# What's the norm when it comes to grooming your pup?



## dotndani (Mar 19, 2007)

My groomer said every 6 weeks or so.I was happy with it except his nais were just cut not filed b/c when he jumped up on me he scratched my legs and she said that once he walks a littleon the sidwalk they'll get better.
They charged me 45.00,is that the norm as well??
Thanks


----------



## LuvMyHavanese (Apr 13, 2007)

I bathe my dogs every 1-2 weeks. I also trim the pads, belly, etc... I have taken them in for a professional groom but i dont feel they do any better than i do, so its saves me a TON of money to do it myself. I get their nails clipped every 2 weeks(i dont do that because they have black nails!). I have never seen anyone clip then file nails-so i am not sure about that.$45 is about average here. I have seen higher prices also.
I have heard that dogs who walk regularly on concrete etc... dont have to have their nails trimmed as often because that surface works like a file on the nails. I have heard that a few times. But my dogs are hardly ever walk on that.


----------



## LuvMyHavanese (Apr 13, 2007)

Dot, i was just looking at your grooming pics for Duncan(sooo cute!) & it looks like you keep your pup clipped. I would probably be crazy enough to try cutting my pups hair but would end up getting a pro to do it. I dont cut my dogs hair. They did have a horrible groom job a few months ago & Tripp's hair is just starting to grow out(he was NOT supposed to get a hair cut, grrr!).


----------



## dotndani (Mar 19, 2007)

I was very satisfied overalll,except for his nails.We do take him on long walks on the streets so hopefully they wont be sharp for long.They were very nice and friendly at the groomers and since it's right around the corner,its very convenient.


----------



## LuvMyHavanese (Apr 13, 2007)

The closest groomer to me is about 45 minutes away! Maybe thats why i am motivated to groom them myself. Or perhaps its the fact that i am getting my 3rd Hav & need to save $$$$!!


----------



## juliav (Nov 21, 2006)

Prices to groom a Hav in my area (shampoo, blowdry, hair...the works) range anywhere from $45 to $65 depending on where you go. Mine would probably charge closer to $60 (I do Bugsy myself for now) and I think that's a lot as I pay $80 (each) for my standards and they are a LOT of work!!!!


----------



## Brady's mom (Dec 1, 2006)

We take Brady every 4-6 weeks and it is $60. I have the same problem with the nails. They are very sharp after they are cut. It will take a day or two, but they do get dull. By the way, he looks great!


----------



## The Fussy Puppy Gang (May 21, 2007)

We paid $53 for Pepper's first groomer's visit. It was the full spa treatment. Bath, condition, coat trim, ears and nails. 

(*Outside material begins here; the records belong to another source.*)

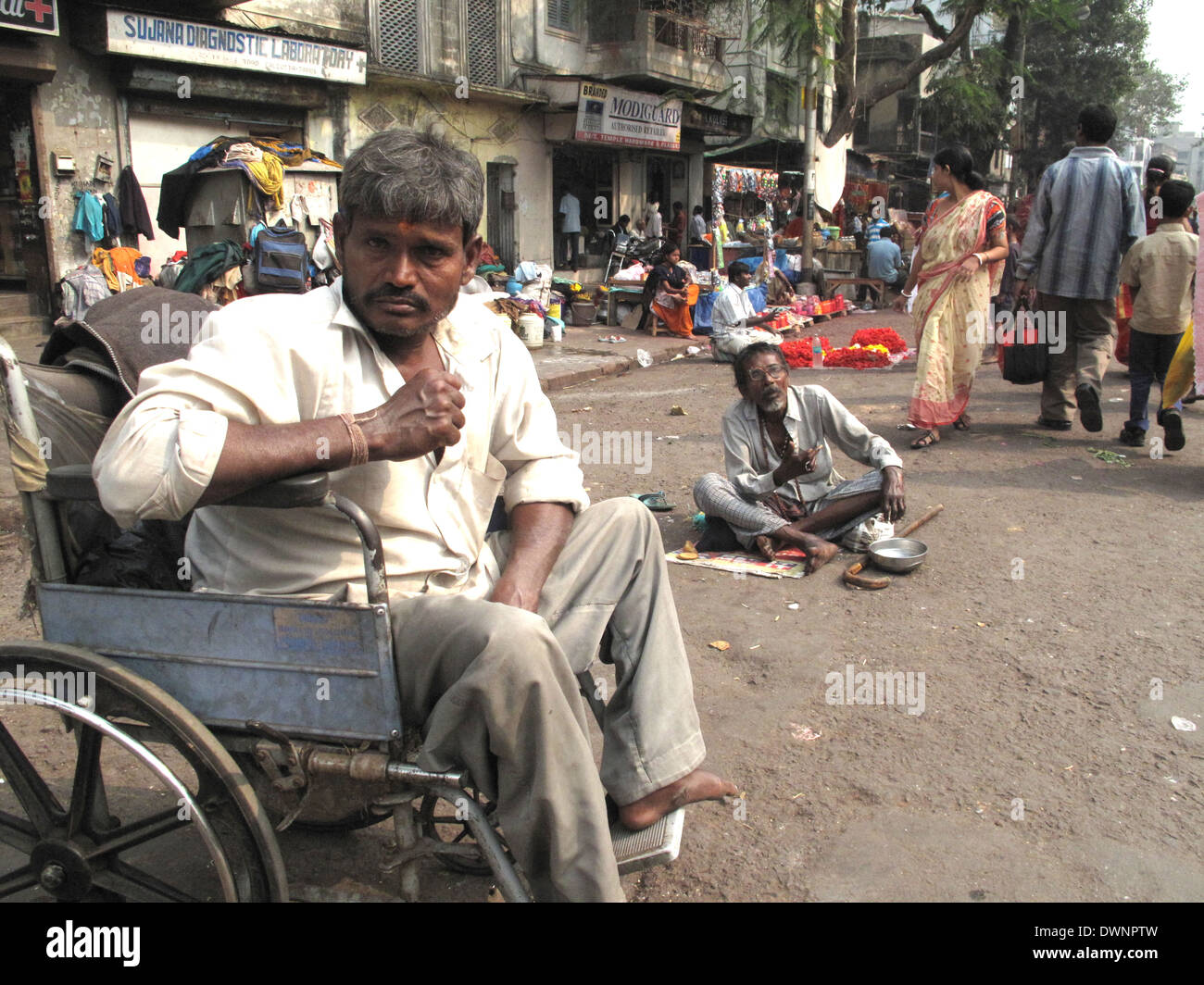 Streets of Kolkata. Thousands of beggars are the most disadvantaged castes living in the streets, January 24, 2009. Stock Photo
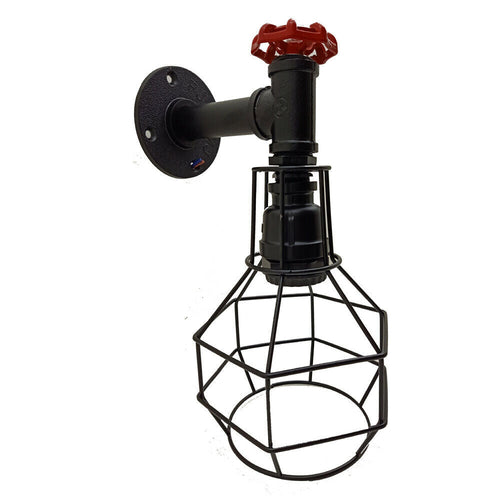 Modern Industrial Retro Vintage Style Pipe Cage Wall Light Wall Lamp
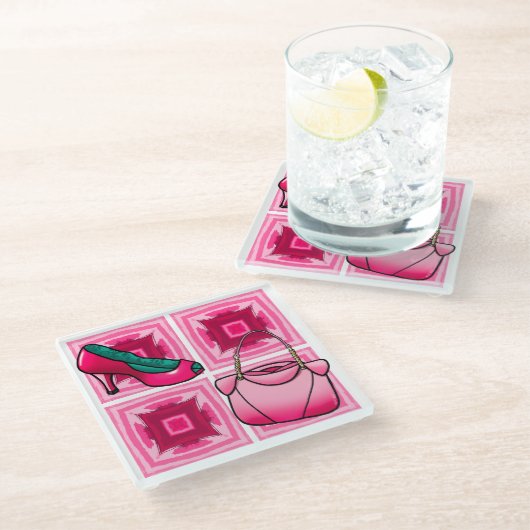 Purse And Shoe Lover ガラスコースター (アングル)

When we took him in for a bath and condition only, it was $28.

Now Pepper is getting a bath at home every week. I take him to the groomers once a month for a sanitary and nail trim. We do the ears at home but I'm not comfortable taking scissors to him at this point. :fear: 

Wanda


----------



## irnfit (Nov 21, 2006)

Dot, Duncan look great and that price is the going rate around here, also.


----------



## EMarie (Apr 11, 2007)

That is what I charge for the clip that duncun looks like...you can ask your groomer to grind the nails after she clips them. But some dogs won't tollerate the dremal so all that is left is to clip them. I am sure they will try if you ask them to.


----------



## Sunnygirl (Jun 1, 2007)

Nico hasn't been to the groomer yet, but our friends who have a Havanese told me they pay $65. Their Hav ends up getting scalped about every other time she goes because of mats - I'm hoping that when I take Nico he can be scissored. We give Nico a bath once a week (except this week - I'm holding off because he just got his flea and tick treatment), we brush him a few times a week (although probably not thoroughly enough) and we clean his ears out once or twice a week. He got a complimentary nail trim at the vet's office when he had his 2nd set of shots, and my 13 year old clipped his nails again today and trimmed his paws. He has black nails so we're trying to trim them just a little bit every other week. We are total novices at grooming and don't really know what we're doing, but we're trying our best to do the stuff that we think needs to be done between hair cuts. What else does the groomer do? I'm thinking we'll take Nico within the month for his first visit. When do most dogs visit the groomer for the first time?


----------



## ECudmore (Jun 5, 2007)

I took Racquet to be groomed once and thank heavens the grooomer was exeprienced with Havanese and gave him a perfect puppy cut, nails and ears , sacs drained, bath and blow dry-$35.00. That is a great price in our area.
His coat is very heavy and within two weeks he needed a trim.
Elayne


----------



## dotndani (Mar 19, 2007)

Sunnygirl,
Is Nico a chocolate??or is he black??Har to tell in the pic.
My groomer did a sham[poo,hair cut,nail cut,ears cleaned and hair pulled and blow dry.I believe that is all. There are plenty of groomers in my area,but for now I am happy with the groomer Duncan went to.


----------